= Prosiopesis =

Omission of the start of an utterance, based on reducing the effort of utterance
Prosiopesis (from Ancient Greek προσιώπησις prosiṓpēsis 'becoming silent') is a term coined by Otto Jespersen for pronouncing a word or phrase without its initial sounds. Jespersen introduced the idea in Negation in English and Other Languages (1917):

. . . the phenomenon for which I venture to coin the term of prosiopesis (the opposite of what has been termed of old aposiopesis): the speaker begins to articulate, or thinks he begins to articulate, but produces no audible sound (either for want of expiration, or because he does not put his vocal chords in the proper position) till one or two syllables after the beginning of what he intended to say. The phenomenon is particularly frequent, and may become a regular speech-habit, in the case of certain set phrases, but may spread from these to other parts of the language.

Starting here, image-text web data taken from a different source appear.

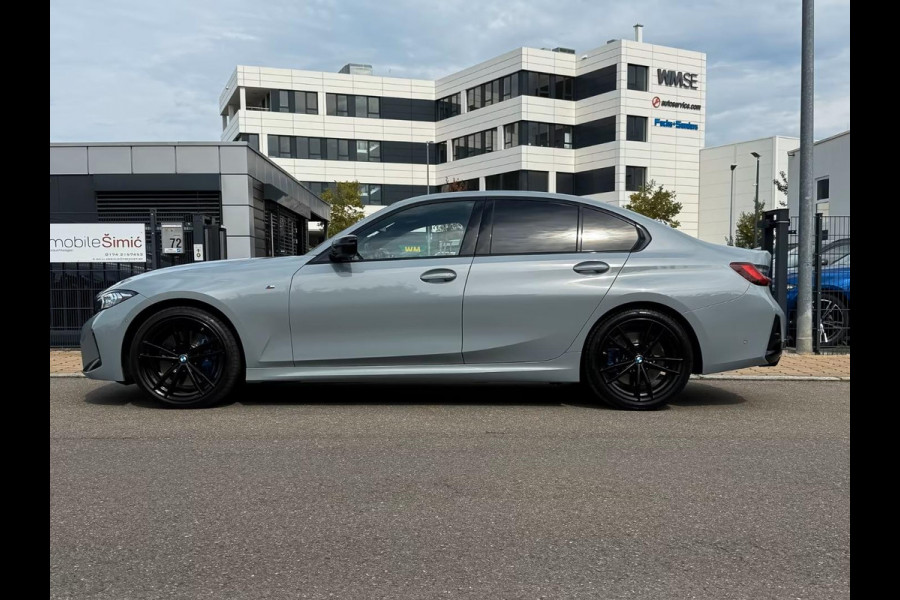 BMW 3 Serie 320d xDrive M-SPORT ** LASER, NAVI+, LEDER, HuD, ACC, SCHUIF/KANTEL, 19-inch LMV, H&K ** 1e EIG - UNFALLFREI - BMW GAR ** ** INFORMEER OOK NAAR ONZE AANTREKKELIJKE FINANCIAL-LEASE TARIEVEN **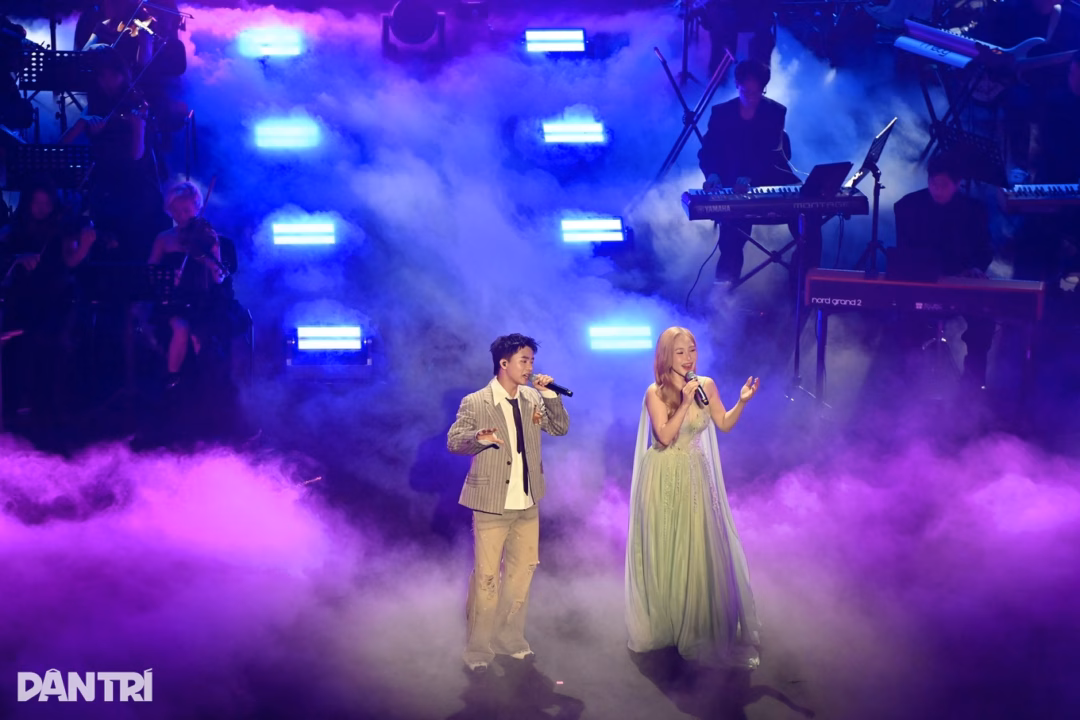 Hương Tràm song ca cùng Bùi Công Nam (Ảnh: Hải Long).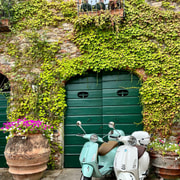 Erkunde die sanften Hügel von Lucca auf einer Vespa 125 Primavera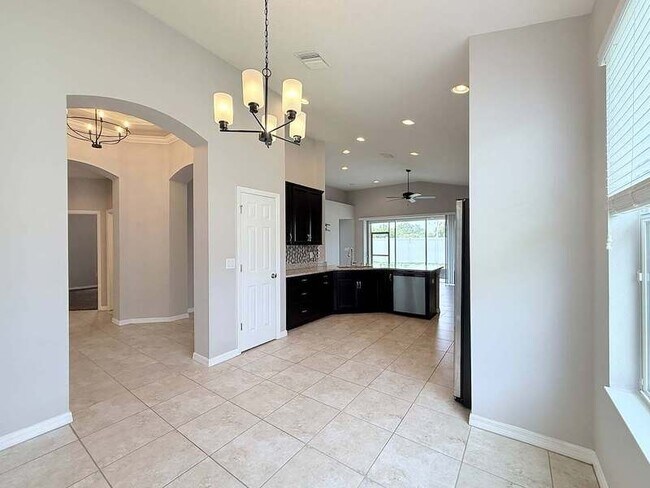 Building Photo - 8222 Willow Beach Dr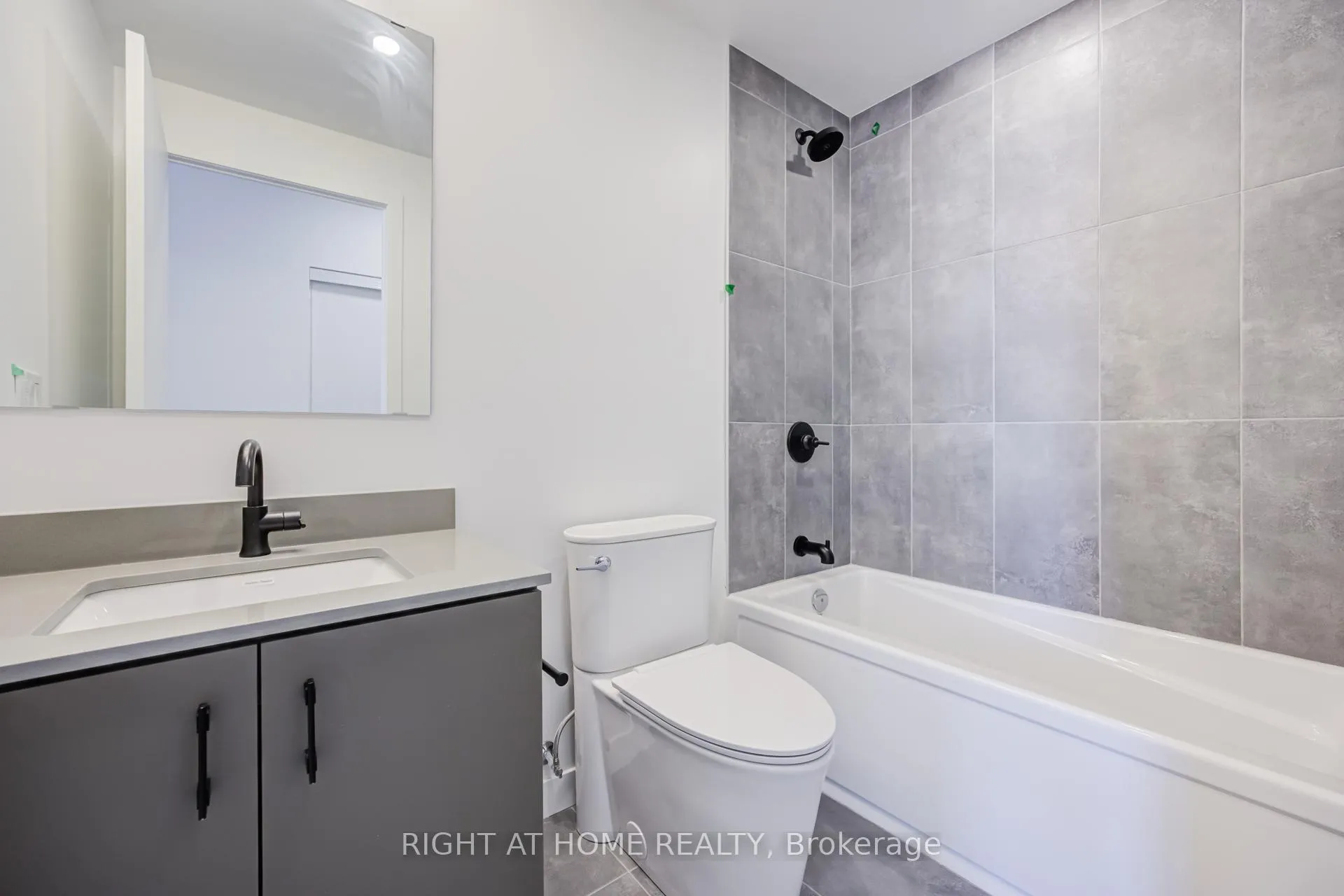 Photo 4 of Unit C1605, 4878 Powers Common, Burlington, Alton — HOMEH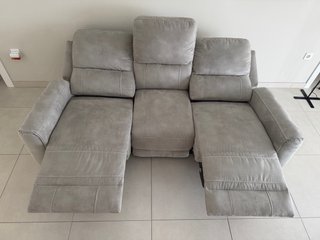 Sofá 3 plazas abatible gris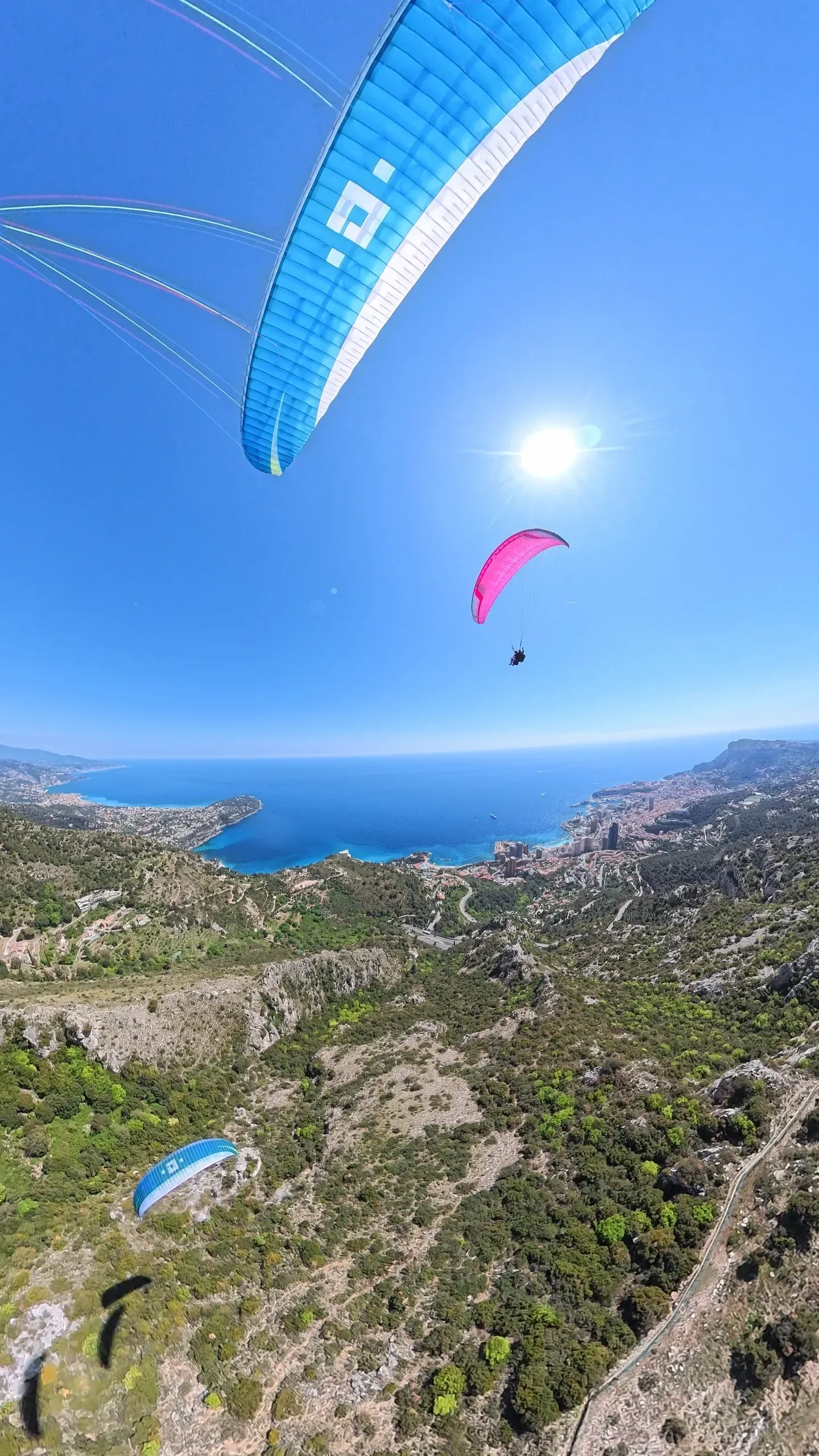 Saut en parapente au-dessus de la Côte d’Azur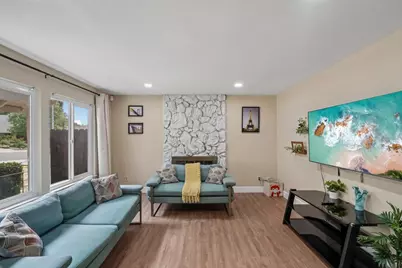 9021 Posada Way, Sacramento, CA 95826 - Photo 3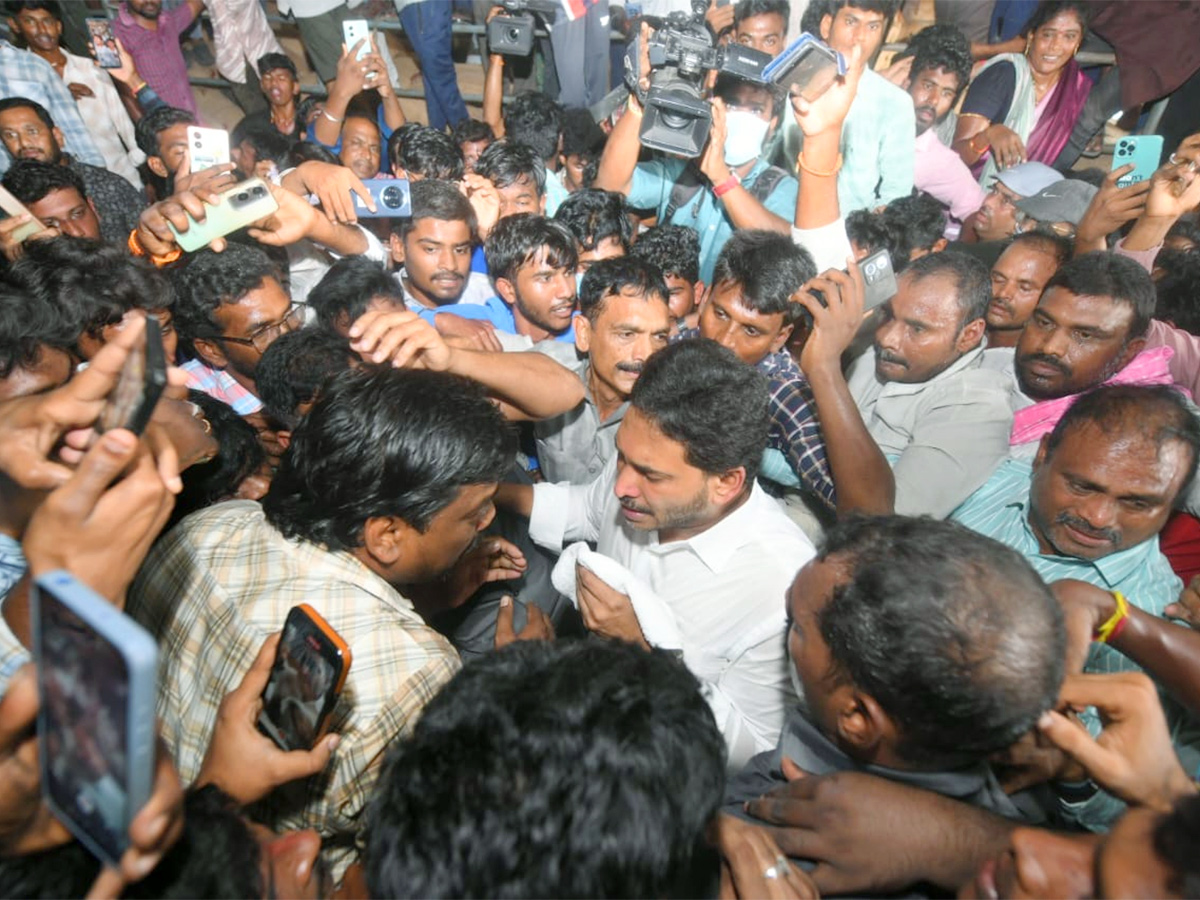 InPics_20YS_20Jagan_20Warning_20To_20Chandrababu_20Over_20Farmers_20In_20Protest_20At_20Guntur_20Mirchi_20Yard__20_287_29.jpg 7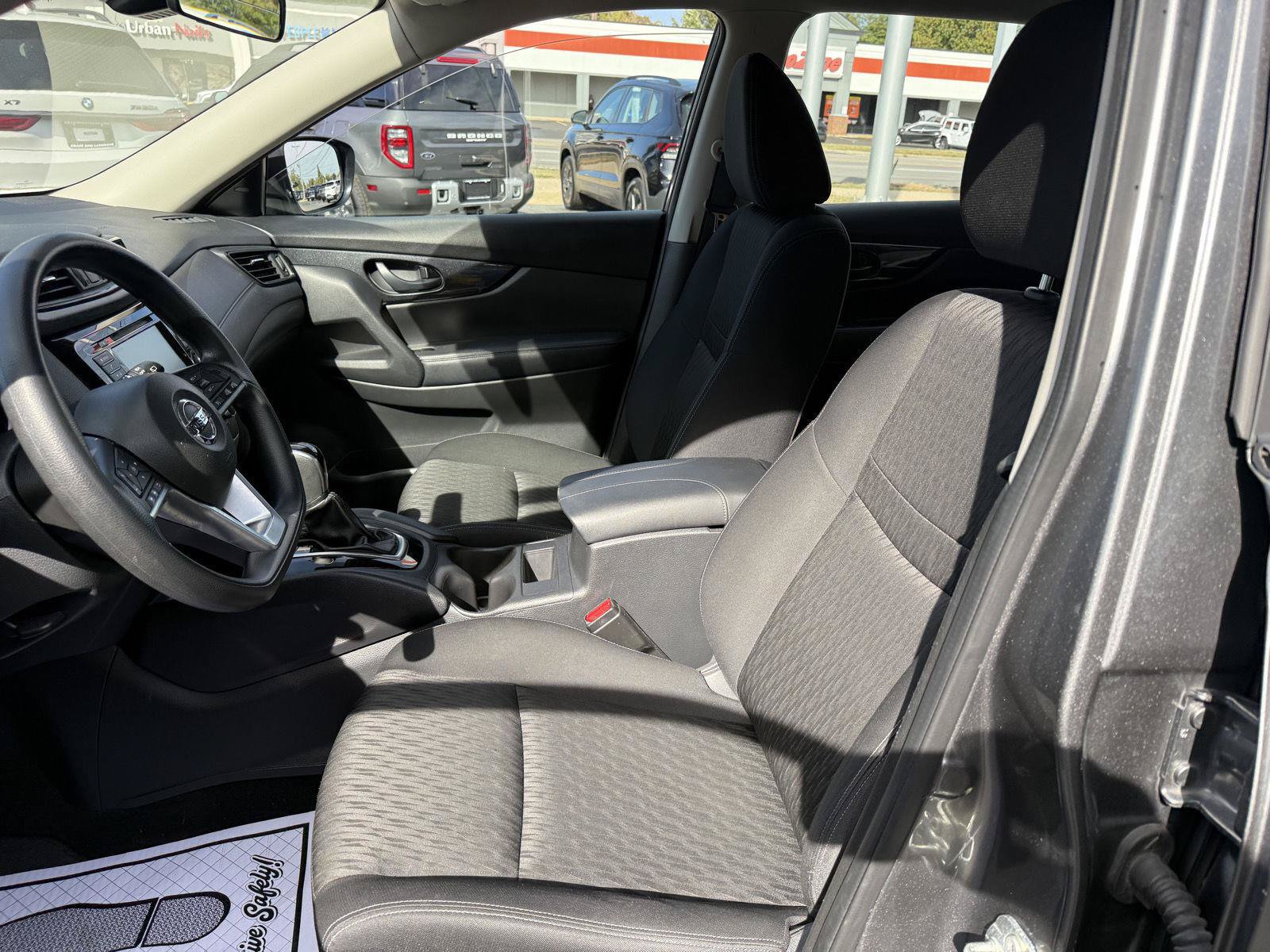 Used 2020 Nissan Rogue S AWD/4WD image 27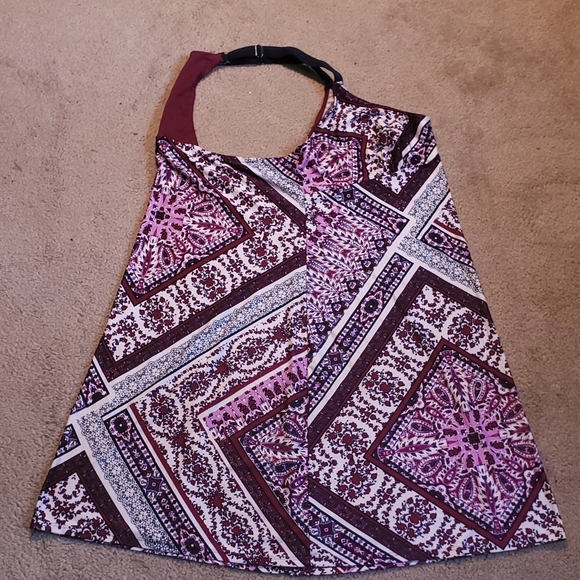 Patterned Halter Top Nightgown - Picture 3 of 7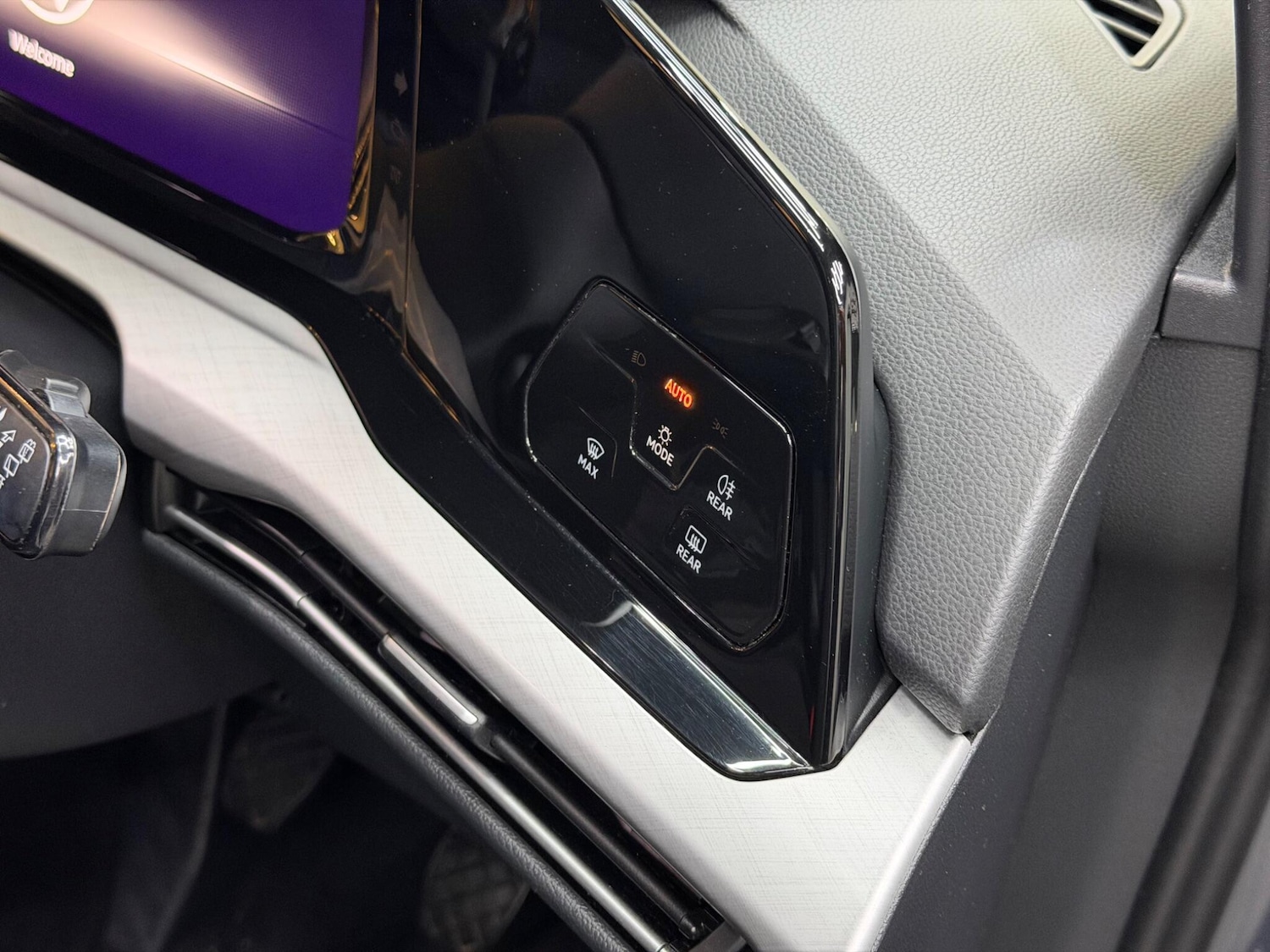 Used Volkswagen Golf 2023 for sale - 77016337: Photo 50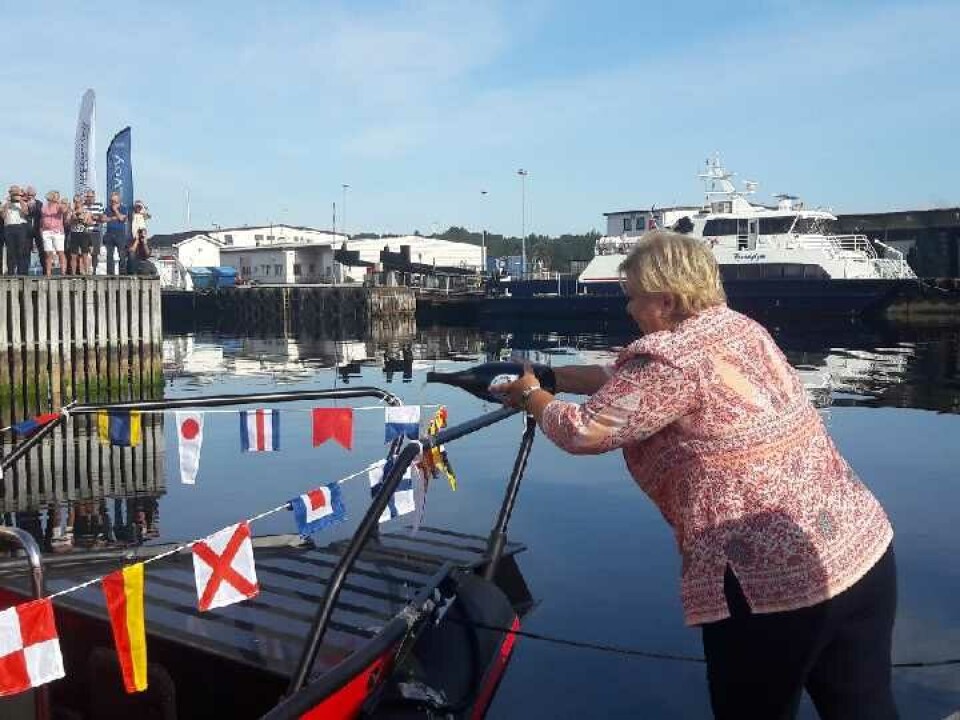 Erna Solberg ønsket hell og lykke i det hun døpte “Evoy 1”.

Among the English examples Jespersen gives are (Good) morning, (I'm a)fraid not, and (The) fact is; among the French examples, (Est-ce) convenu?, (Par)faitement, and (Je ne me) rappelle plus.

He also introduces it in The Philosophy of Grammar (1924): "[P]rosiopesis . . . sometimes becomes habitual in certain stock exclamations like Thank you | [German] danke | [German] bitte | Bless you | Confound it! Cf. also Hope I'm not boring you."

This is similar to aposiopesis, where the ending of a sentence is deliberately excluded. David Crystal writes, "In rhetorical terminology, an elision in word-initial position was known as aphaeresis or prosiopesis, in word-medial position was known as syncope, and in word-final position as apocope." (Richard A. Lanham similarly defines aphaeresis more narrowly than Jespersen defines prosiopesis, a term that Lanham does not mention.)

Other synonyms include aphesis, procope, and truncation.

Prosiopesis and aposiopesis are studied as sources of interjections.